*Problem details:*
Retype the records in full, and please keep the pictures out of the copy.

START Data

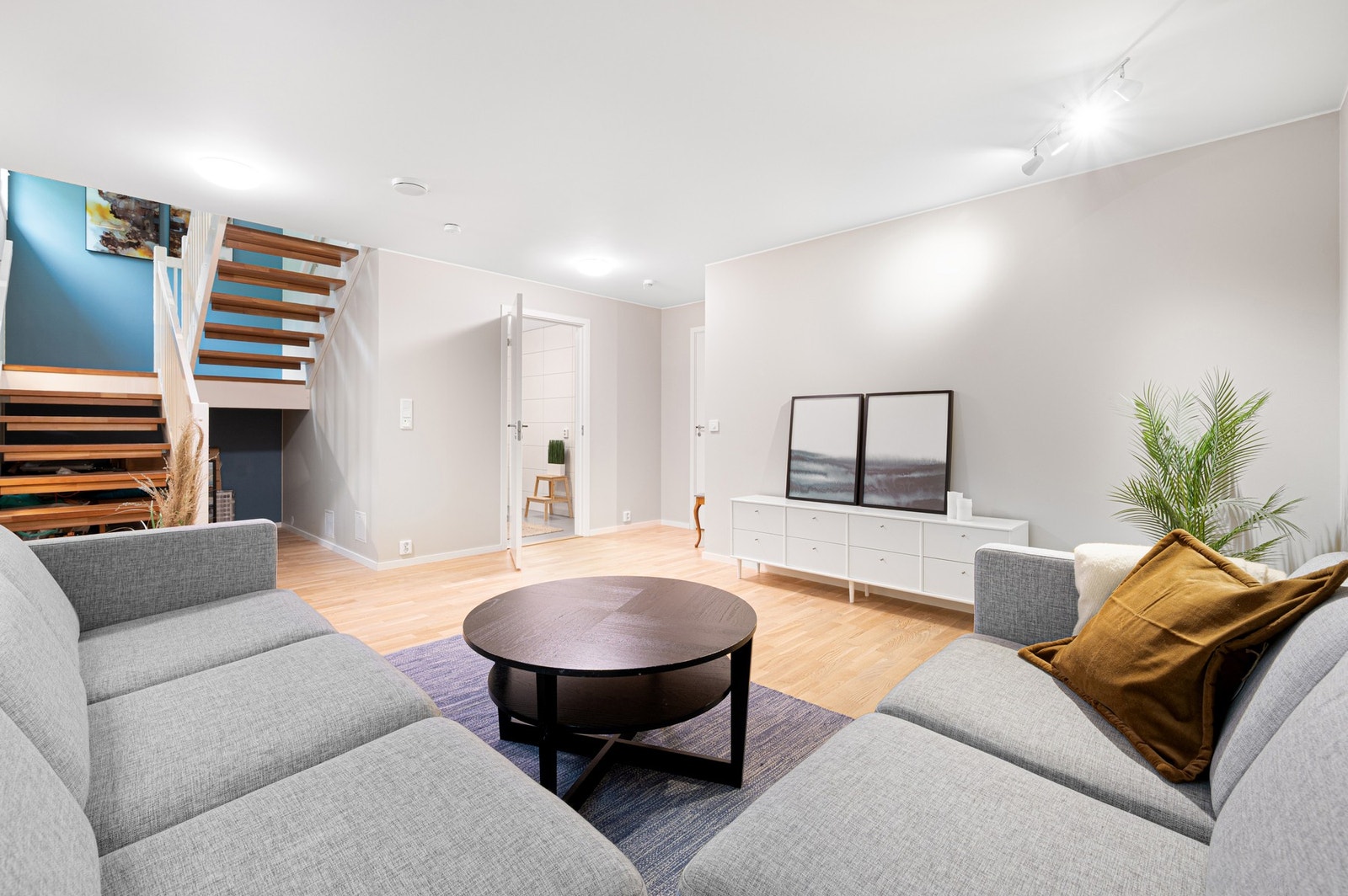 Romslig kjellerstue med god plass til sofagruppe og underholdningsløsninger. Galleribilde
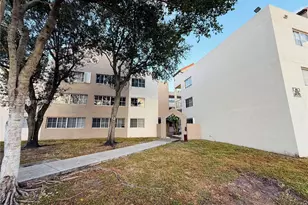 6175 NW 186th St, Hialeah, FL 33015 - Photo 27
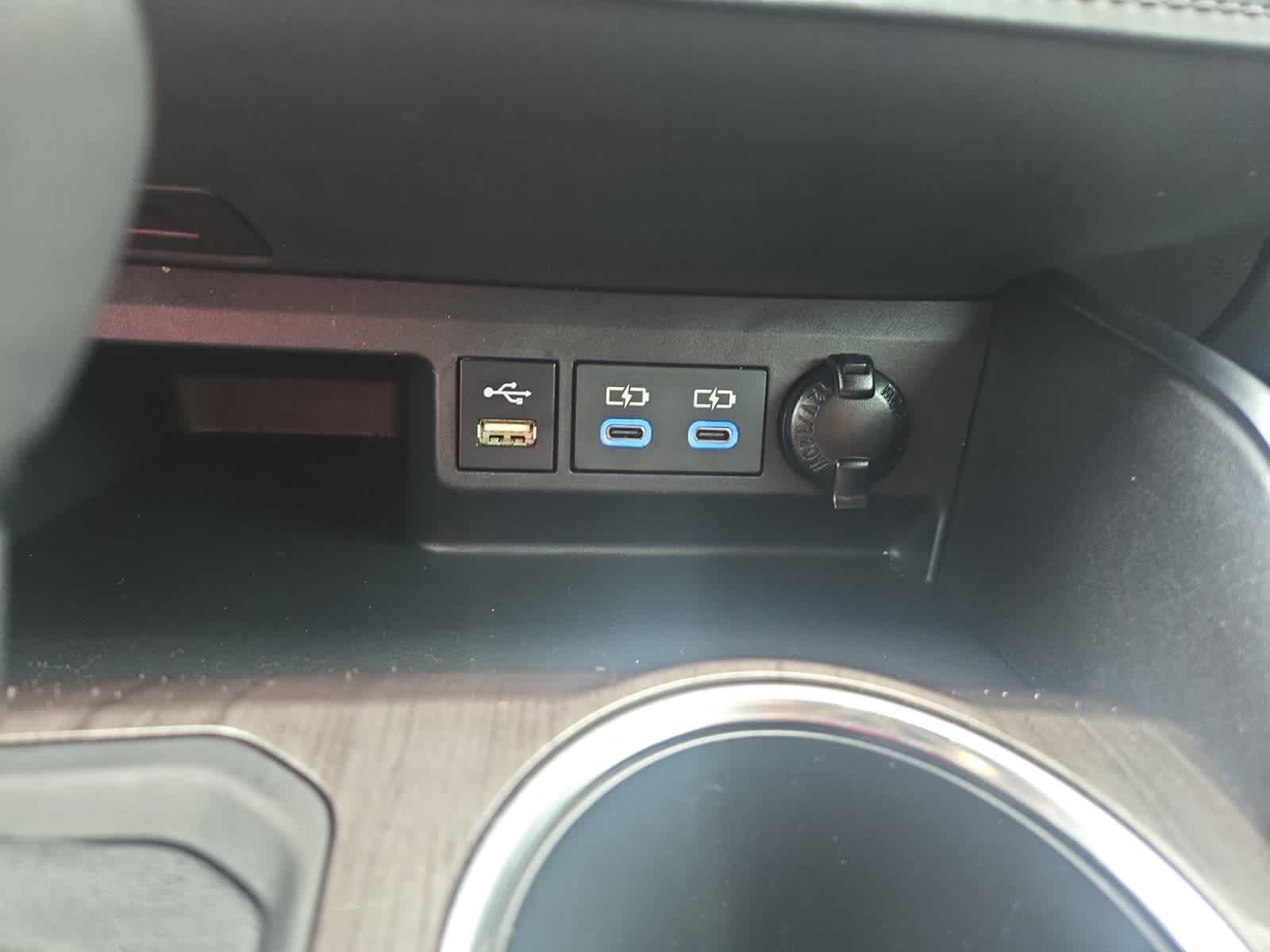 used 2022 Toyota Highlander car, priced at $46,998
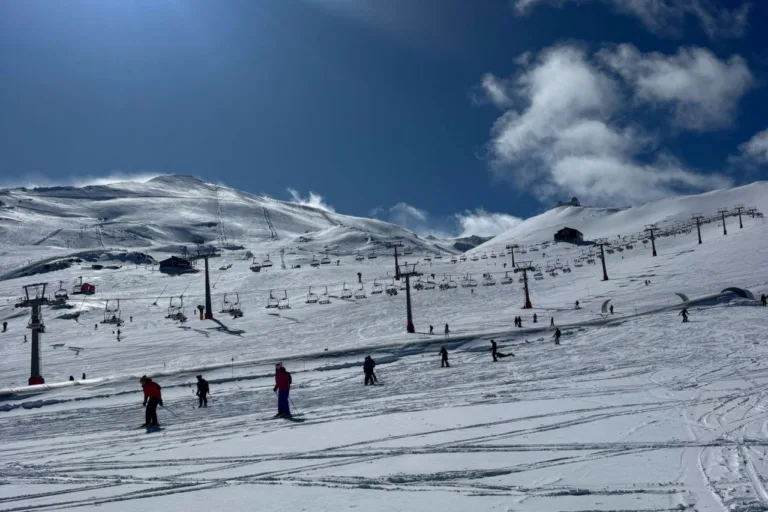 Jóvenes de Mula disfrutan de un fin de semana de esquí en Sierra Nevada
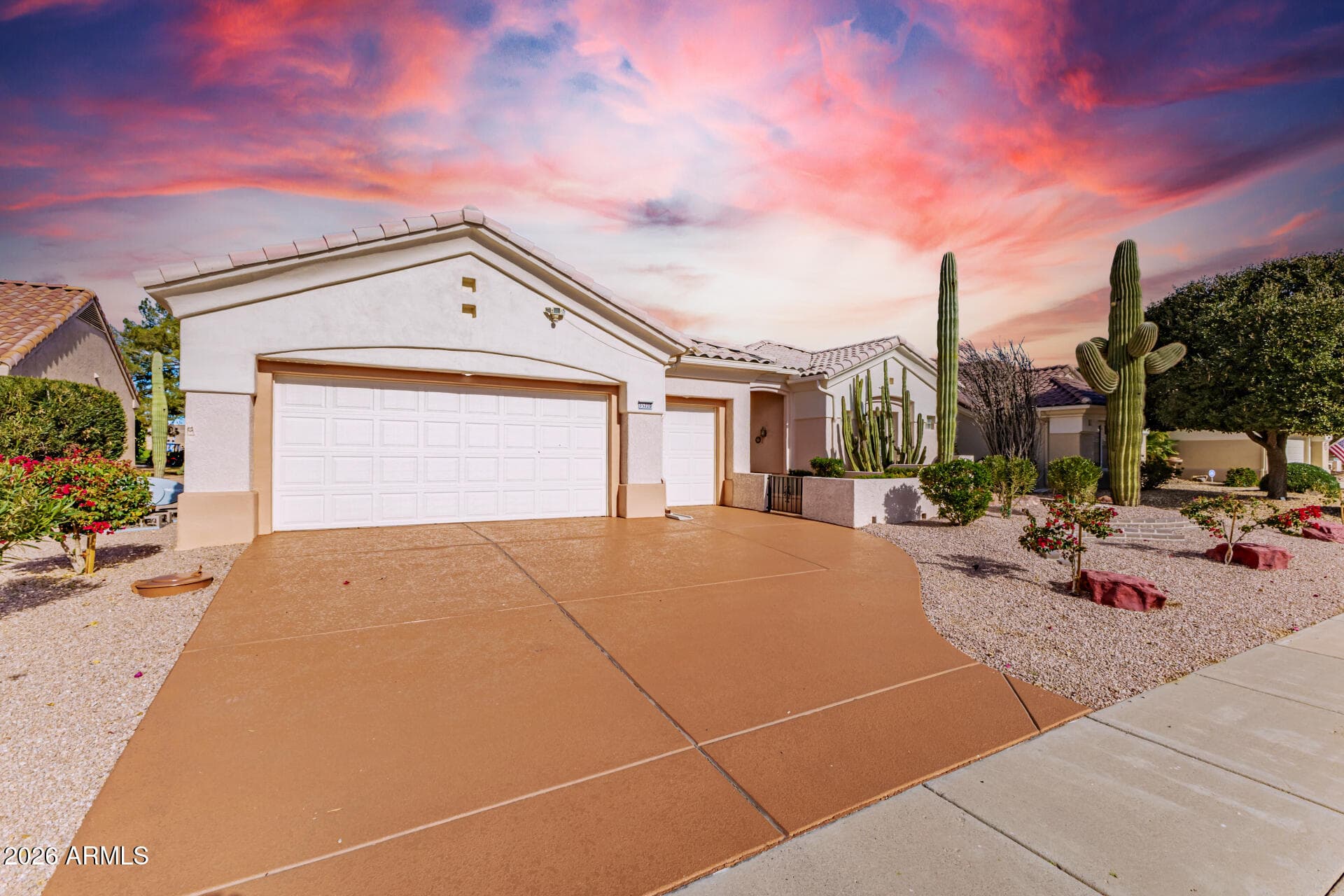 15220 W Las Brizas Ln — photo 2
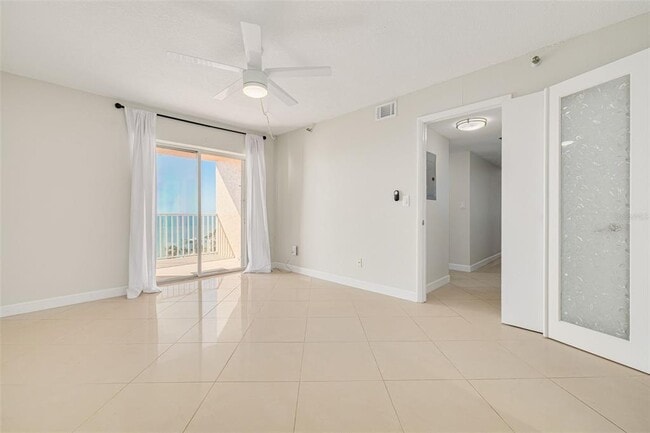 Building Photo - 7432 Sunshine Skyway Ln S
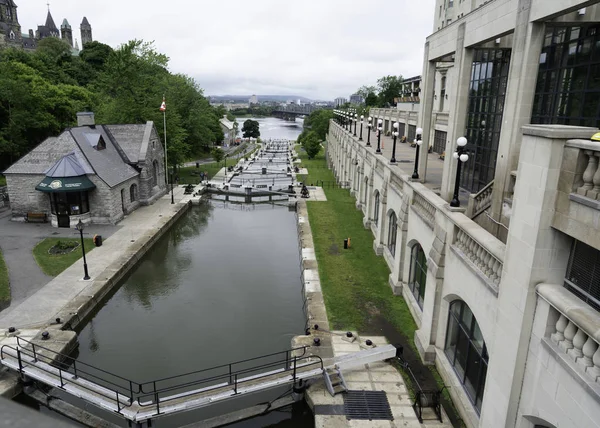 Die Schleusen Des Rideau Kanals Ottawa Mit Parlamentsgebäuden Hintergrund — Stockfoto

END Data

*Written answer:*
 Romslig kjellerstue med god plass til sofagruppe og underholdningsløsninger. Galleribilde
 6175 NW 186th St, Hialeah, FL 33015 - Photo 27
 used 2022 Toyota Highlander car, priced at $46,998
 Jóvenes de Mula disfrutan de un fin de semana de esquí en Sierra Nevada
 15220 W Las Brizas Ln — photo 2
 Building Photo - 7432 Sunshine Skyway Ln S
 Die Schleusen Des Rideau Kanals Ottawa Mit Parlamentsgebäuden Hintergrund — Stockfoto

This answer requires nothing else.